All corporations need a Federal Identification Number. This is the same thing as an Employer Identification Number or an E.I.N. and is used as an identification number for the corporation. This number is obtained from the Internal Revenue Service by filing Form SS-4. Some states use the same number but others require filing for one with the particular state. All this is included as part of the Speedy order process with the complete package or EIN form completion can be ordered as an add-on service for a low cost. See services and pricing for more details on our fees and packages.
How is a corporation taxed?
A corporation is taxed as a separate entity. An “S” corporation has all the profits and losses passed through to the shareholders who are then taxed at a personal level.
Can one person form a corporation?
A corporation can be formed by one person. Each state varies as to the amount of directors a corporation must have and other requirements such as age and residency. See our state map to find specific information relating to your state.
Are there directors or shareholders in a corporation?
Yes. The shareholders are the owners of the corporation. Each state requires a certain amount of directors/officers. Some only require one while others require three. A shareholder can also be a director/officer.
Who manages the corporation?
A corporation is owned by its shareholders but is not necessarily managed by them. The shareholders elect directors who manage the corporation by appointing officers to handle the day-to-day activities. Most of your small corporations are managed by its shareholders.
Is there a difference between filing for a profit corporation and a non-profit corporation?

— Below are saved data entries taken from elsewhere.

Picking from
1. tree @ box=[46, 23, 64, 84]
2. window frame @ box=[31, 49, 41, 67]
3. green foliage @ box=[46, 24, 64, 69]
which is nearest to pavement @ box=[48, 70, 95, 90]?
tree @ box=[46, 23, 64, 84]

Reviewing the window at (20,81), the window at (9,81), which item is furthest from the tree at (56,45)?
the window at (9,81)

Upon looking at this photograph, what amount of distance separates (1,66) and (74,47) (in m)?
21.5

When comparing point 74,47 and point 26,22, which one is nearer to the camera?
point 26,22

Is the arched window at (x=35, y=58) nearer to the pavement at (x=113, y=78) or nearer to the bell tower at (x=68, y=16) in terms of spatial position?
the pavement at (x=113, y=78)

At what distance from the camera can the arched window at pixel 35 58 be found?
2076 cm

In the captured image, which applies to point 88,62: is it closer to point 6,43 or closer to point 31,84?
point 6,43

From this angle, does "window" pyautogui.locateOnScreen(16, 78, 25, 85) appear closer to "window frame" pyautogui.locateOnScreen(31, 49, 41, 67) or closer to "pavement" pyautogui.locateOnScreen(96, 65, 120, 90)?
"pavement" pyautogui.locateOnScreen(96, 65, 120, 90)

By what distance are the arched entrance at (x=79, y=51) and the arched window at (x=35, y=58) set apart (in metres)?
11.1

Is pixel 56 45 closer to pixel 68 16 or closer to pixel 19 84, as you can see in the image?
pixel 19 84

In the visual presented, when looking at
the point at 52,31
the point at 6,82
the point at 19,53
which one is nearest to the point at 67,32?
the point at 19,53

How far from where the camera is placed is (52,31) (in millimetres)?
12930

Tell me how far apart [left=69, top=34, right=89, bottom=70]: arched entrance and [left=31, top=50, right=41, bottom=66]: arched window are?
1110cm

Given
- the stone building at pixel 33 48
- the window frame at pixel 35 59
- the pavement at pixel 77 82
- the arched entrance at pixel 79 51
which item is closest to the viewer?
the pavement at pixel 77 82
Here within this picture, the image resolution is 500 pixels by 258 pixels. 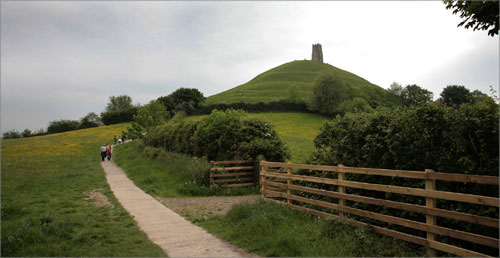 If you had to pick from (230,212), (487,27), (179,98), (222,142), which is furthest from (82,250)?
(179,98)

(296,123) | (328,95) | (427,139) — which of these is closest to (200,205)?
(427,139)

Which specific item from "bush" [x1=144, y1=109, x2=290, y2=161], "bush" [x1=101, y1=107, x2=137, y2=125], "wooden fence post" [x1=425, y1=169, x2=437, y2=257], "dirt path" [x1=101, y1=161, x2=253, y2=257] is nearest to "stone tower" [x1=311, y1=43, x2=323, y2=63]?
"bush" [x1=101, y1=107, x2=137, y2=125]

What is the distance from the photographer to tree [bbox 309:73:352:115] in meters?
67.1

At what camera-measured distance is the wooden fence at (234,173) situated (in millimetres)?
13570

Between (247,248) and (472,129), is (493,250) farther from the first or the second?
(247,248)

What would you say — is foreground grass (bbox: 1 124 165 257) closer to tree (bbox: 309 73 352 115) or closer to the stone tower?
tree (bbox: 309 73 352 115)

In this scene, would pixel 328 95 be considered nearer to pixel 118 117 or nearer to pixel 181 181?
pixel 118 117

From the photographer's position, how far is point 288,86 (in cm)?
10169

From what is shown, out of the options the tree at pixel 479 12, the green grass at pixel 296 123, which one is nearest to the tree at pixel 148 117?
the green grass at pixel 296 123

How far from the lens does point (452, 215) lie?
4559mm

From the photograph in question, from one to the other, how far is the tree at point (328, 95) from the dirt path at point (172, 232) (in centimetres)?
5901

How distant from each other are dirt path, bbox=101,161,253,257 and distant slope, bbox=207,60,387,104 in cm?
6520

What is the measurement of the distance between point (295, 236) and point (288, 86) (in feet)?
319

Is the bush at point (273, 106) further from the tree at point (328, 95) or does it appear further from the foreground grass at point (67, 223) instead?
the foreground grass at point (67, 223) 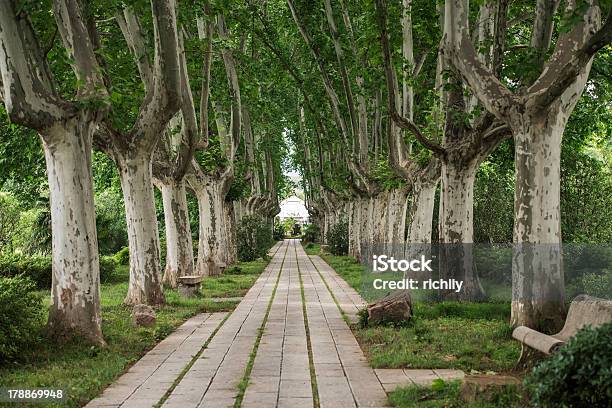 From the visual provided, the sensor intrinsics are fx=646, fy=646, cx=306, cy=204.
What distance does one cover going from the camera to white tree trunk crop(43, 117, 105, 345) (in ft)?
28.0

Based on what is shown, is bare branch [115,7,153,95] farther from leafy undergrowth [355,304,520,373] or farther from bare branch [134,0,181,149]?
leafy undergrowth [355,304,520,373]

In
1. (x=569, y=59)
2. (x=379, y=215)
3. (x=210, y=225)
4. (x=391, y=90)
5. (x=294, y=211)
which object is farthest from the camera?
(x=294, y=211)

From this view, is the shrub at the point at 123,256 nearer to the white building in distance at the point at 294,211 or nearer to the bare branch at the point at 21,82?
the bare branch at the point at 21,82

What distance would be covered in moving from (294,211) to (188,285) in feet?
342

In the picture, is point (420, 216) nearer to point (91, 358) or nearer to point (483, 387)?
point (91, 358)

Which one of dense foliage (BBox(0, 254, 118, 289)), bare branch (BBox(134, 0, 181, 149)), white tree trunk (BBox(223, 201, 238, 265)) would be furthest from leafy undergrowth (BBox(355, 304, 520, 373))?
white tree trunk (BBox(223, 201, 238, 265))

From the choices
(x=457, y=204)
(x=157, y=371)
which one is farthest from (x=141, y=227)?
A: (x=457, y=204)

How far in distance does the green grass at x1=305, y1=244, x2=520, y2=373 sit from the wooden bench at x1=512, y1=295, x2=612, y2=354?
91 cm

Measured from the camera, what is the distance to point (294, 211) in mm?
119750

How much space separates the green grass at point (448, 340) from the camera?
768 cm

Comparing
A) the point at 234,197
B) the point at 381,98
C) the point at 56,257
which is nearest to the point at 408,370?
the point at 56,257

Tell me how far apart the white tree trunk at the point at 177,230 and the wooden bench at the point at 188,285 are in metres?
2.08

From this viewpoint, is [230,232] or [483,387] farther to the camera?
[230,232]

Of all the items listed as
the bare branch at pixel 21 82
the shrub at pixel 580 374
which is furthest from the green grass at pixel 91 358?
the shrub at pixel 580 374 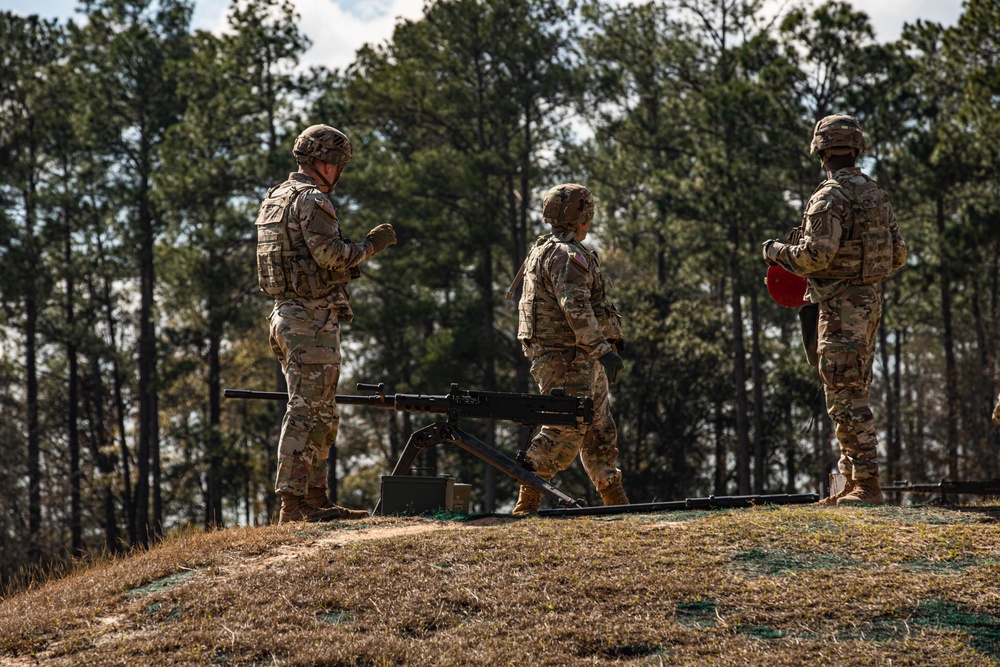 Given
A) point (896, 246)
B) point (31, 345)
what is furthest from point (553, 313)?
point (31, 345)

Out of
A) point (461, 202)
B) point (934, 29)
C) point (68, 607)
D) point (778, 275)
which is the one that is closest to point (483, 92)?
point (461, 202)

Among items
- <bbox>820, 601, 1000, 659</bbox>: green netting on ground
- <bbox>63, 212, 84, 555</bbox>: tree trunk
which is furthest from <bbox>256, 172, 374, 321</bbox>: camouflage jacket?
<bbox>63, 212, 84, 555</bbox>: tree trunk

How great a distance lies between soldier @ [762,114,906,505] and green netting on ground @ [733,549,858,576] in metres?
1.87

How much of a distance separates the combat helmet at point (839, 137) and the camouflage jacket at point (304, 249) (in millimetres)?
3472

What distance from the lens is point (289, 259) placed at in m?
8.85

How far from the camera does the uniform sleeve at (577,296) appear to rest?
9031 mm

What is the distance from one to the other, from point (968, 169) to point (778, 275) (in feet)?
60.6

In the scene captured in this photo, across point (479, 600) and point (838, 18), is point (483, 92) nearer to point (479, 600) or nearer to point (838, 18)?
point (838, 18)

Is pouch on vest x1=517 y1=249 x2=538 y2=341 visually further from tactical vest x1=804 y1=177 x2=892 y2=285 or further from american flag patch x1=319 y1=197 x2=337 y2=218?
tactical vest x1=804 y1=177 x2=892 y2=285

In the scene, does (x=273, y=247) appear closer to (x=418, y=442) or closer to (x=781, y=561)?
(x=418, y=442)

The differences with a profit and a non-profit corporation are numerous with states and the Internal Revenue Service. Filing fees for non-profits are generally much less than profit corporations. Most states require that non-profits obtain the non-profit status from the Internal Revenue Service prior to registering with a states taxing agency. A non-profit corporation is complex and is subject to different laws and regulations than a profit corporation. Forming the non-profit corporation is fairly simple and similar to a profit corporation, but completing the requirements to function as a non-profit can be difficult. Should you wish to form a non-profit corporation, Speedy will be glad to form the non-profit, but we ask that you seek the advice of an attorney or accountant to understand the additional requirements. If you feel you’ve done adequate research and are comfortable with all the requirements, just complete the order form and Speedy will form your non-profit.
What are some of the advantages to incorporating?
- The biggest and most popular reason for forming a corporation is the liability protection it offers to its shareholders. For most purposes the individuals that own the corporation are not liable for the debts and obligations of the corporation.
- The corporations life is unlimited. A corporation does not cease to exist until it is dissolved with the state.
- Centralized management.
- Capital can be raised through the sale of the corporation stock.
- See our business types comparison chart here.
What are some of the disadvantages to incorporating?
- First most is the issue of double taxation. Corporate profits are taxed as a corporation and then as dividend income when distributed to the shareholders.
- Federal and state laws have strict record keeping requirements.
- Due to the complexity of corporations, there is an increased possibility of needing professional assistance in regard to legal matters and taxation.
- See our business types comparison chart here.
Is an accountant or attorney needed to incorporate?
Absolutely not. Any individual can process the required documents with any state. One should make sure that they are aware of and understand all the requirements of the selected state before forming the limited liability company. If an individual is unsure of, or does not understand the legal or financial ramifications of forming a corporation, they should seek the advice of an attorney or accountant. Speedy does not offer any legal or accounting advice in the selection process. Speedy Incorporation and LLC completes the required documents necessary to form a corporation avoiding the costly fees.